#### [Exercise]
For the material below, set down exactly the lines between the one containing "天地人茶叶宫廷普洱茶/2023073094959" and the last line, both included, leaving every picture out.

#### [Data]

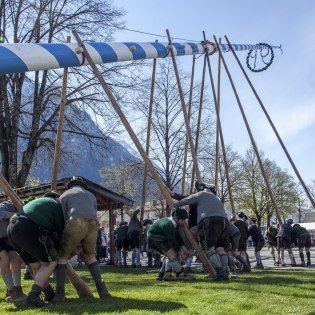 Maibaum aufstellen in Mittenwald - Bayern, © Alpenwelt Karwendel | Hubert Hornsteiner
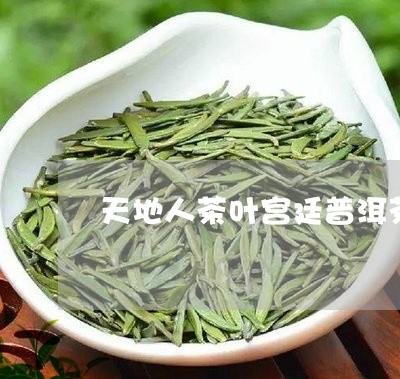 天地人茶叶宫廷普洱茶/2023073094959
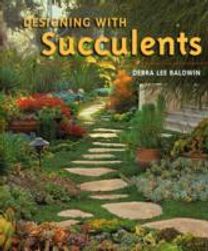 Designing with Succulents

#### [Response box]
 天地人茶叶宫廷普洱茶/2023073094959
 Designing with Succulents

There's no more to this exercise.